Segundo as coordenadoras-gerais da pesquisa citada por Paim, Tânia Portella e Beatriz Soares Benedito, é preciso destinar valores no orçamento público específicos para a implementação da lei e definir mecanismos de monitoramento estatal. Tânia Portella criticou as políticas públicas municipais por se contentarem com ações de conscientização e utilizarem a falta de apoio dos entes federados como desculpa para não realizar outras ações.
— [As secretarias] atuam a partir da abordagem de sensibilização, que geralmente envolve discutir a diversidade cultural e literatura. Não que não sejam importantes, mas são temas de entrada da discussão e a gente já está em um momento que precisa adensar a construção de conhecimentos. Na resolução dos casos de racismo, que acontecem cotidianamente, [as secretarias] não têm tato para tratar [...]. Independente de receber apoio de outros entes federados, é responsabilidade dessas secretarias a implementação dessa política — disse Tânia Portella, representante do Geledés Instituto da Mulher Negra.
Beatriz Benedito explicou que a pesquisa tem objetivo de atualizar dados para orientar a elaboração de políticas públicas. Ela afirmou que 74% das secretarias municipais não têm quem cuide estrategicamente da inserção de estudos sobre a história negra.

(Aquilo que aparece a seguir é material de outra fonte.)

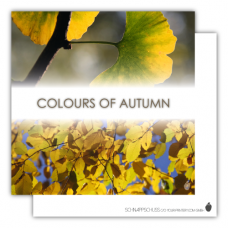 Postcard | Colours of Autumn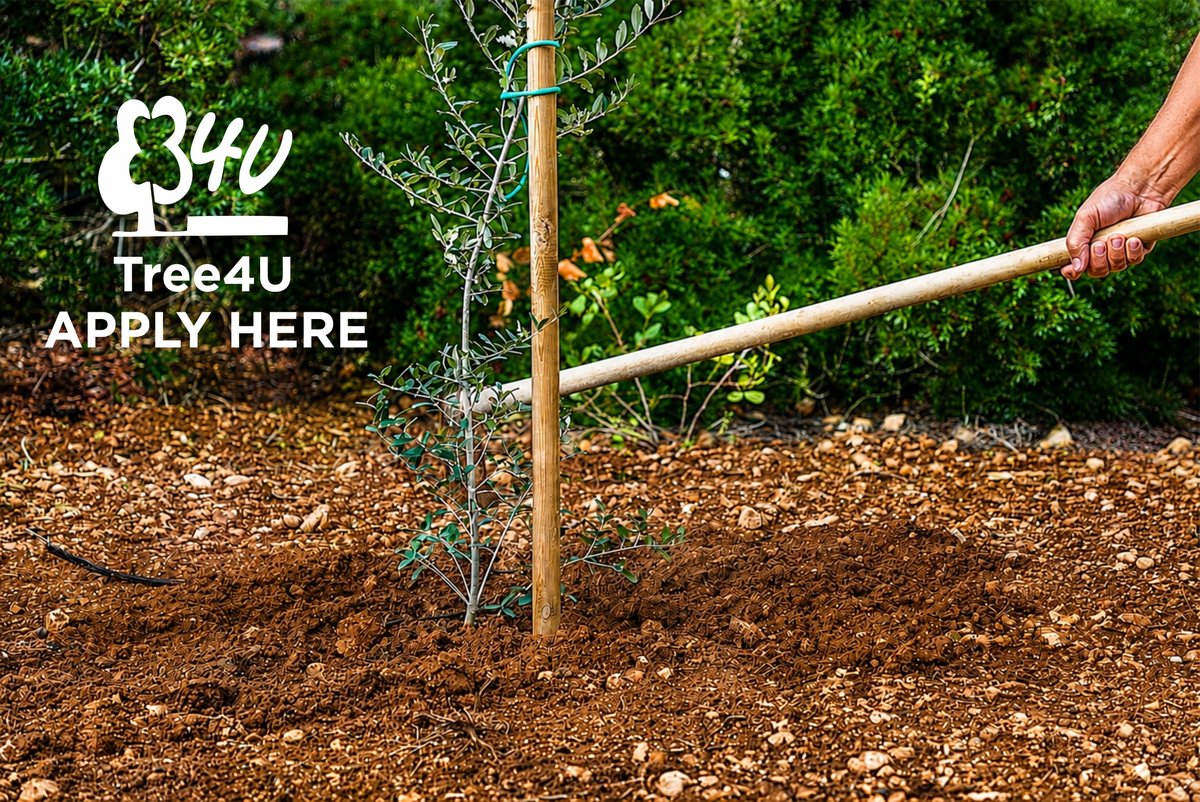 34U Tree Sponsor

— É um número que inviabiliza qualquer tipo de ação nessa agenda — disse Beatriz Benedito, do Instituto Alana.
A pesquisa consultou, mediante questionários,secretarias de educação de 1.187 municípios. Os institutos observaram critérios de disponibilidade orçamentária, presença de equipe responsável pela implementação da lei, regulamentação com normas municipais e coordenação de ações com redes escolares. Apesar de a lei determinar a presença obrigatória de conteúdos sobre negros apenas no ensino fundamental e médio, as pesquisadoras incluíram creches e pré-escolas nas análises.
Também participaram do debate a deputada federal Carol Dartora (PT-PR), o diretor-geral da Escola Nacional da Defensoria Pública da União (DPU), Cesar de Oliveira Gomes, e a representante do Ministério da Igualdade Racial, Natália Neris, entre outros convidados.

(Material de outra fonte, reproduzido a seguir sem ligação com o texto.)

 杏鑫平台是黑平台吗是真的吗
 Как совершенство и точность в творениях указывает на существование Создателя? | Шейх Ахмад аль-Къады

Paim lembrou que o Senado aprovou, em novembro de 2021, o selo Zumbi dos Palmares, a ser conferido aos municípios que adotarem políticas de ação afirmativa para combater o racismo. Proveniente do Projeto de Resolução do Senado (PRS) 55/2020 , do próprio Paim, o selo tem o objetivo de estimular as cidades a implementar ações inclusivas.

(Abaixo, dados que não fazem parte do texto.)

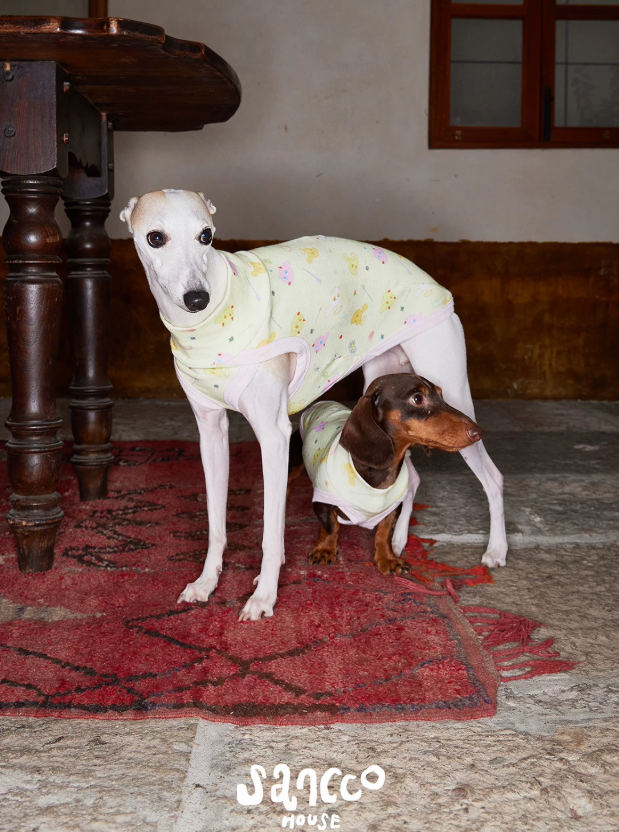 Garden Friends Pet Vest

Os municípios serão premiados anualmente em sessão do Senado especialmente convocada para esse fim, no dia 20 novembro ou em data próxima, em razão do Dia da Consciência Negra. Paim se comprometeu a articular pela implementação do selo.
A Lei 10.639, de 2003, é originada do Projeto de Lei da Câmara (PLC) 17/2002 . A norma alterou a Lei de Diretrizes e Bases da Educação Nacional ( Lei 9.394, de 2006 ) para seja ministrado em todo o currículo escolar, em especial nas matérias de artes e de história, conteúdos sobre o passado dos negros no Brasil.
As escolas devem tratar da história da África e dos africanos, a luta dos negros no Brasil, a cultura negra brasileira e o negro na formação da sociedade nacional. A lei também instituiu no calendário escolar o Dia Nacional da Consciência Negra no dia 20 de novembro.